With a pair of pliers hold the small sprocket in place, then while holding the brake dog out of the way so that you can reverse your top wheel pull the top wheel backwards and it will start too loosen, this removes the chain from the drive shaft. Take a 5/64 allen key and remove the set screw that is in the hole on the top wheel and this will allow you to remove the drive shaft, it might be stiff to remove. Once the top wheel is off you can change your bushings.


----------



## proficient Mudder (Aug 28, 2010)

Capt-sheetrock said:


> I am re-building my COL taper, I ran into a problem with it. I think its just jammed and needs a "punch", however since COL has been so active here, I sent em an email on it, since they advertise that theirs is diferant than the rest. I am currently waiting for their "re-building a taper" video. I can afford to do that, since I have two tapers.


 
did your clicker roller get jammed underneath the drive wheel? I have seen that happen when accidentally spun backwards, just enough to jam it.
Bill


----------



## Capt-sheetrock (Dec 11, 2009)

proficient Mudder said:


> did your clicker roller get jammed underneath the drive wheel? I have seen that happen when accidentally spun backwards, just enough to jam it.
> Bill


 I have a hard time getting things across most times,,, I guess thats why I'm not a novelist,,lol

My problem is not with the drive wheel section, its with removeing the dog from the shaft that holds the cable. I have dissasmebled it and removed the set screw, but can't get it to budge. Rather than force it, I'm waiting on the col video. Since I'm in no hurry, I thought I'd let the guys that REALLY know whats happening, to show me how they do it. It looks the same as the other ones (DM & TT) but since they advertise a split clutch system, I figure maybe something is differant on this one.


----------



## Tim0282 (Jan 8, 2008)

I have a Tape Tech Taper and it won't come out of neutral. Jumped out of gear while taping today. The cable all balled up with mud still in it. Pushed the mud out and cleaned it, rewound the cable and it just spins. Tried putting a new drive dog spring in. No luck. Any ideas?


----------



## Mudstar (Feb 15, 2008)

ColumbiaTechSupport said:


> With a pair of pliers hold the small sprocket in place, then while holding the brake dog out of the way so that you can reverse your top wheel pull the top wheel backwards and it will start too loosen, this removes the chain from the drive shaft. Take a 5/64 allen key and remove the set screw that is in the hole on the top wheel and this will allow you to remove the drive shaft, it might be stiff to remove. Once the top wheel is off you can change your bushings.

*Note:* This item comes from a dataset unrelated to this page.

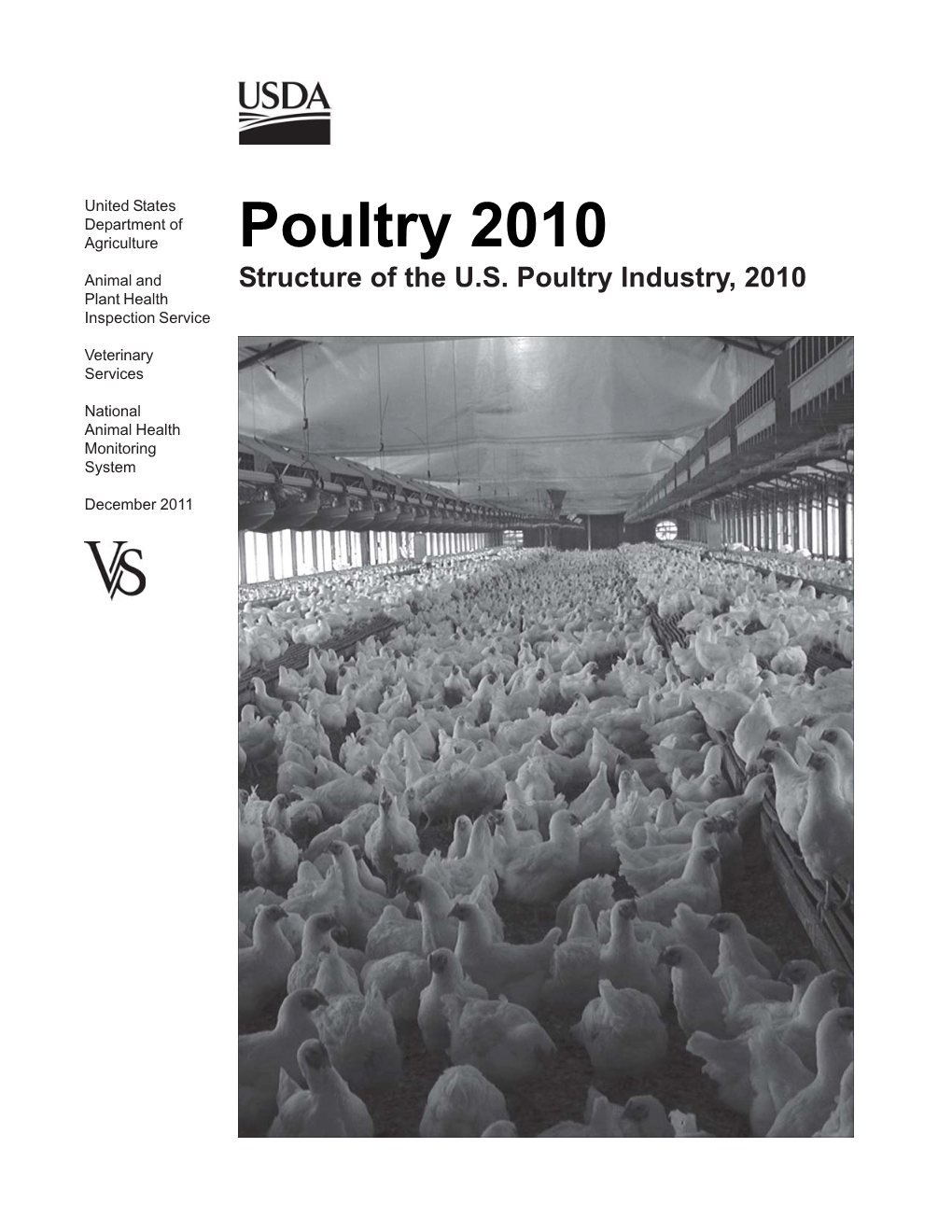 Structure of the US Poultry Industry, 2010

I followed your instructions with great success. 

I spun the small sprocket off to remove the chain extracted the setscrew then I had to strike shaft for 20 min to remove as suggested. Wow was that in there! 

After removing the shaft from the wheel I had access the hubs and bearings which I found the the chain side hub was slightly worn into the aluminum which I will have to order but holds the new bearing tight enough still.

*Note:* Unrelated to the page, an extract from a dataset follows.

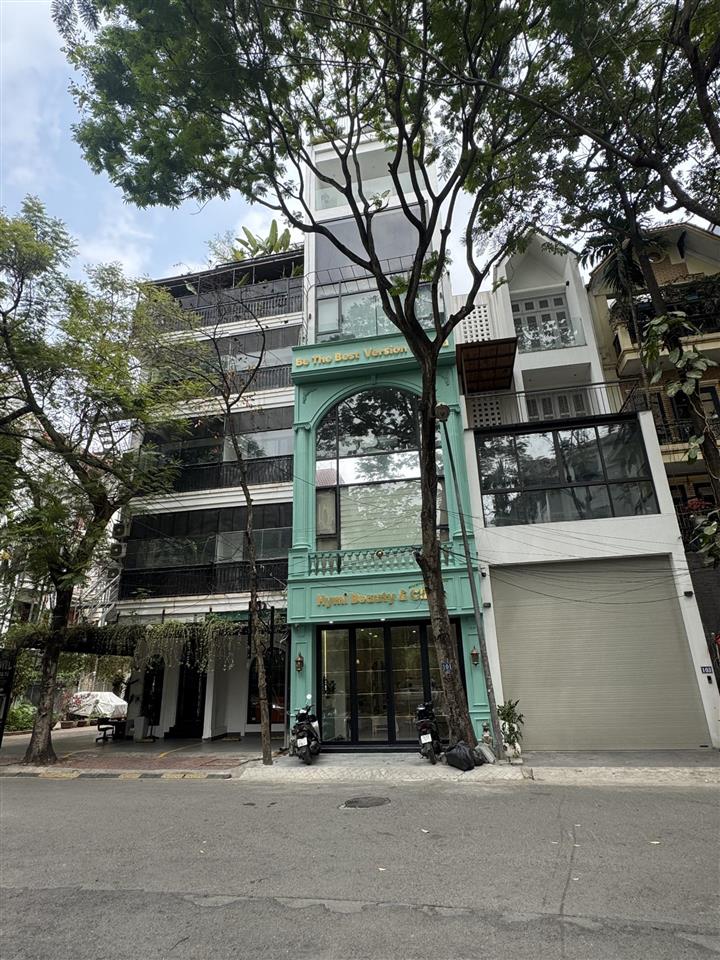 ( chính chủ) bán nhà 5 tầng văn phòng ở sướng mặt phố trung hoà trung yên 85m2 mt5m 46 tỷ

Before assembly I took a drill bit 1/4" which is the exact size as the spool with the wheels installed to smooth out the hole and polished the shaft with some emery 

Now next time I disassemble which I will do now on a regular schedule will only take seconds when the replacement hub comes in and extra bearings for when the next time my taper requires there replacement. 


Thank u very much for the great info Aaron!

:thumbup1:


----------



## proficient Mudder (Aug 28, 2010)

Tim0282 said:


> I have a Tape Tech Taper and it won't come out of neutral. Jumped out of gear while taping today. The cable all balled up with mud still in it. Pushed the mud out and cleaned it, rewound the cable and it just spins. Tried putting a new drive dog spring in. No luck. Any ideas?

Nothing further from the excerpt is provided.